I speak English as a foreign language and find it unique in several aspects. One of them is the large number of collective nouns, especially for groups of birds. Such high degree of specificity reaches the point where you have several nouns for a single species, just depending on whether the group is on land, flying together, or just flying at random. We say there is a parliament of owls, a murder of crows, a company of parrots, a plump or moorhens, a clutch of chickens, a kettle of hawks, a watch of nightingales, a covey of partridges, a pod of pelicans, a sedge of cranes, a flock of geese on land, a plump of geese flying close, a skein of geese in flight, and so on. The list is indeed very long.

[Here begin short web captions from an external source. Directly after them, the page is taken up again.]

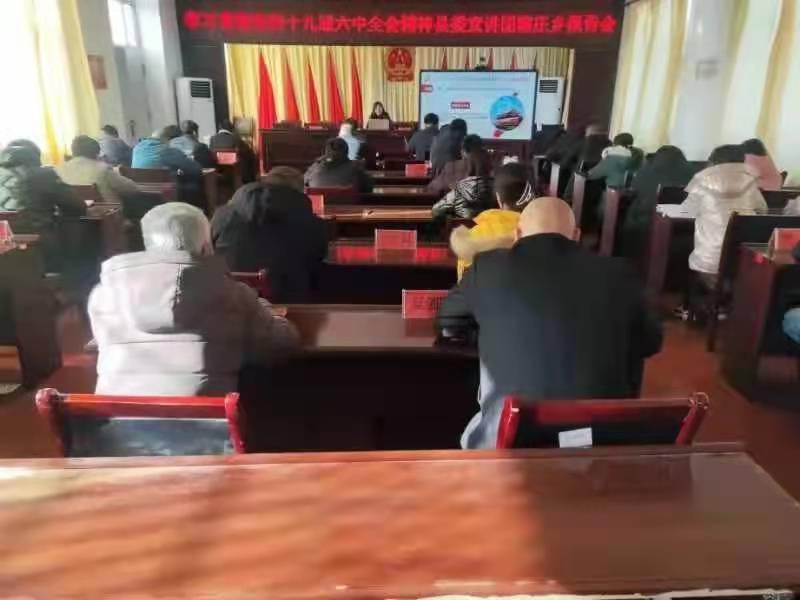 南庄乡最新项目，乡村振兴的新引擎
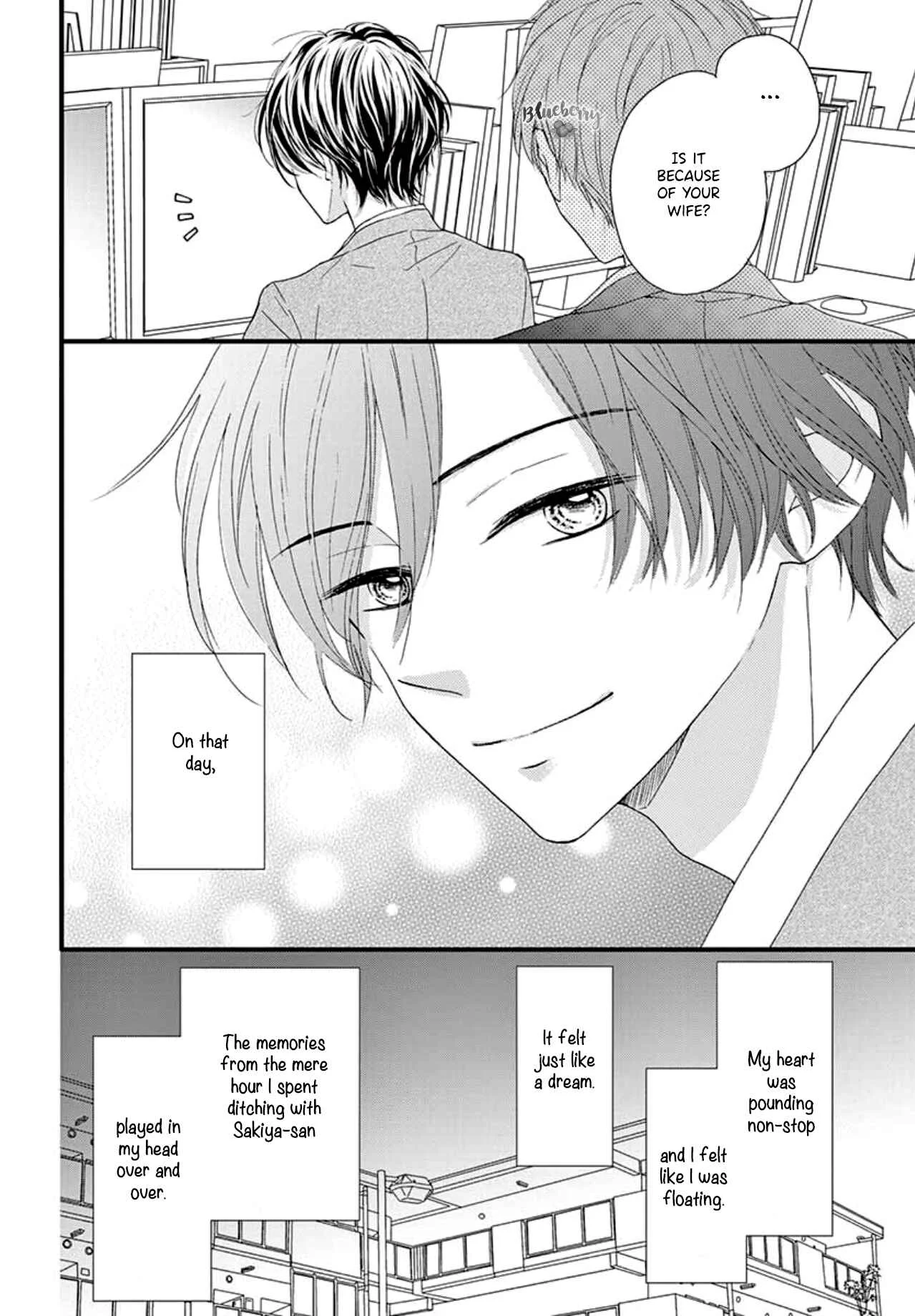 Midori no Tomarigi Chapter 1 - Page 41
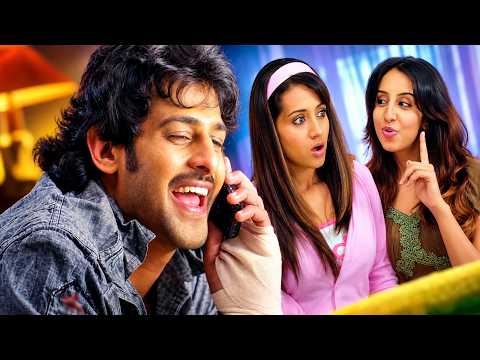 Prabhas, Trisha and Sanjana Iconic Love Scene| Bujjigadu | iDream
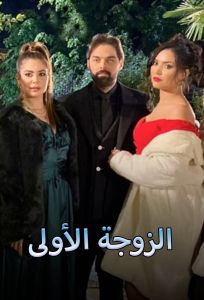 الزوجة الاولي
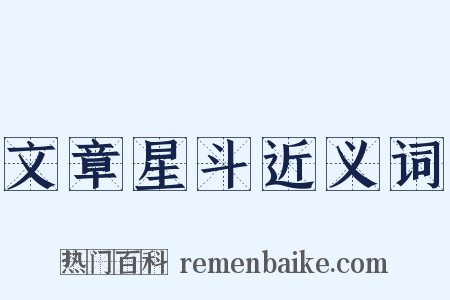 文章星斗近义词是什么意思的图片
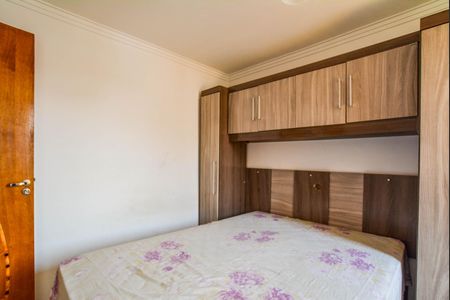 Apartamento à venda com 53m², 2 quartos e 1 vaga Apartamento à venda com 53m², 2 quartos e 1 vagaQuarto 2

My question is – Are these nouns standard in every English Speaking Country ? Are they treated seriously so native speakers have to learn them at school ? Or is it just a fun thing ? Can these collective nouns take both a singular and a plural verb - depending on context ?
Collective nouns in English are very often the stuff of trivia questions. This is due to their rarity in common usage.
There are several that are commonly used, though:
Pride of lions
Flock of sheep
Gaggle of geese
School of fish, etc.
Some are of moderate familiarity but rarely used (except in scientific or poetic use):
Murder of crows
Pod of whales
Some are never used outside trivia contest:
Clowder of cats
Kettle of hawks
Convocation of eagles
And, numerous other obscure collectives.
In general, these terms are seldom used, and are often quite antiquated. Most do not learn them in schools (except as interesting tidbits).
Groups of animals are more likely to be referred to as herds, flocks, or even merely groups.
As to whether or not they can be used with verbs: yes. Typically they take a singular verb form.
The pride runs quickly and quietly when it is on the hunt.
Are they treated seriously so native speakers have to learn them at school? Or is it just a fun thing?
... the list in the Book of Saint Albans (1486) runs to 165 items, many of which, even though introduced by the compaynys of beestys and fowlys, do not relate to venery [words for groups of animals] but to human groups and professions and are clearly humorous.
Are these nouns standard in every English Speaking Country?
They're not very important, and I don't think they're explicitly taught in elementary school.
Contrast with some Asian languages such as Chinese and Japanese where the appropriate "counter word" ("measure word") must be memorized along with every noun. In that case, the measure word helps disambiguate the noun from other similar-sounding nouns. In English, the collective noun could be replaced with a generic word such as "bunch" with little or no loss of meaning.
Some are useful metaphors such as gaggle of girls, which implies a noisy boisterous group of young ladies, or the alliterative term of venery bevy of broads which is just a skanktastic term.